(Material provided Opens)

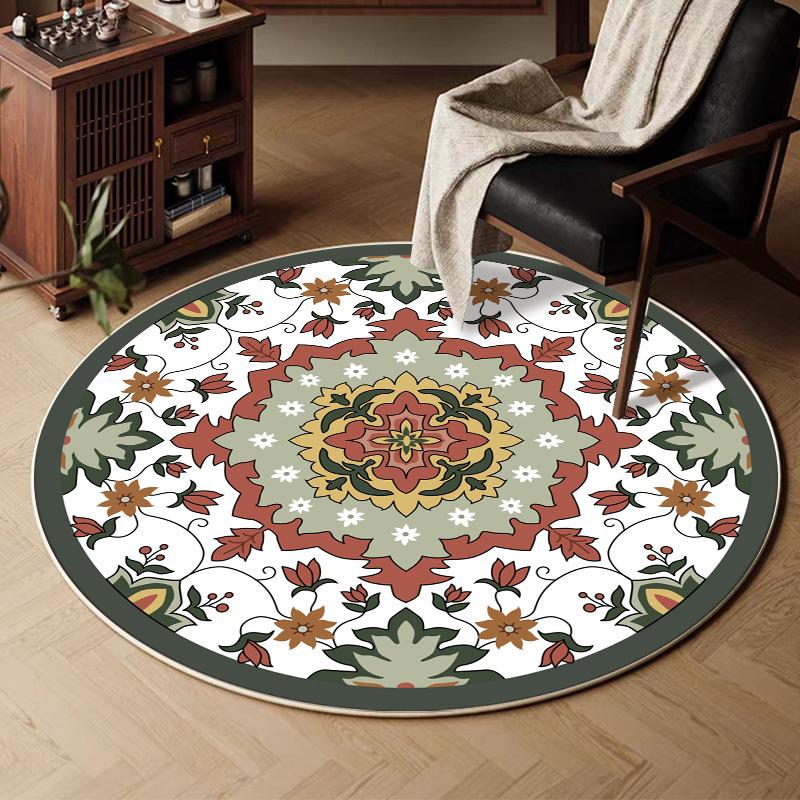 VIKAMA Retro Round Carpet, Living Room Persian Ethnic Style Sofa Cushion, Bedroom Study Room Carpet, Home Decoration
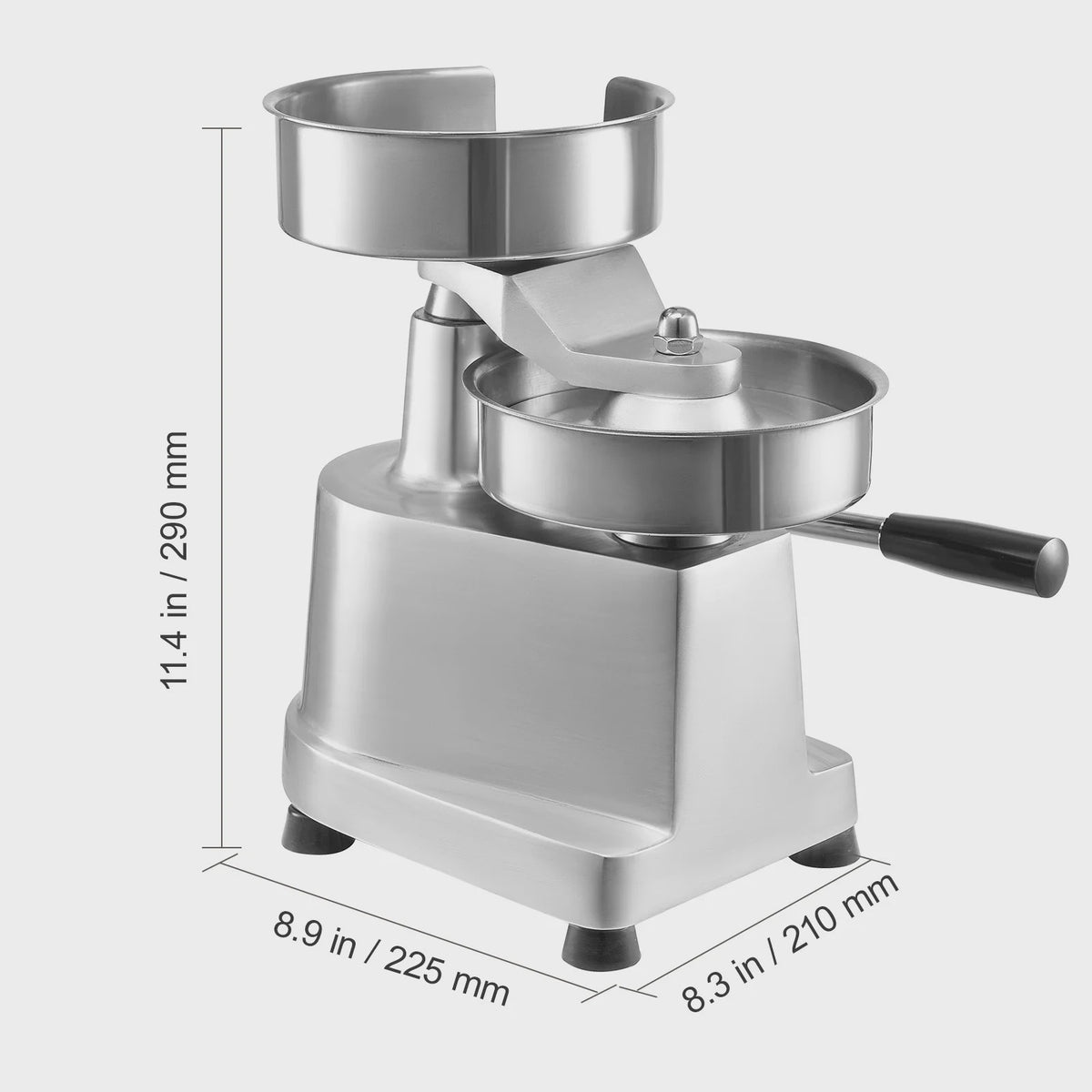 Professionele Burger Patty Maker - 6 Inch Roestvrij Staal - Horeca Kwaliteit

(Material provided Closes)
(Material provided Opens)

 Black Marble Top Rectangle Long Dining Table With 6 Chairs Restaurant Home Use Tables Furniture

(Material provided Closes)

Keep to the stretch from the line containing "VIKAMA Retro Round" through the line containing "Professionele Burger Patty", both ends included, and copy it exactly from the listing above, minus the pictures.

Reply:
 VIKAMA Retro Round Carpet, Living Room Persian Ethnic Style Sofa Cushion, Bedroom Study Room Carpet, Home Decoration
 Professionele Burger Patty Maker - 6 Inch Roestvrij Staal - Horeca Kwaliteit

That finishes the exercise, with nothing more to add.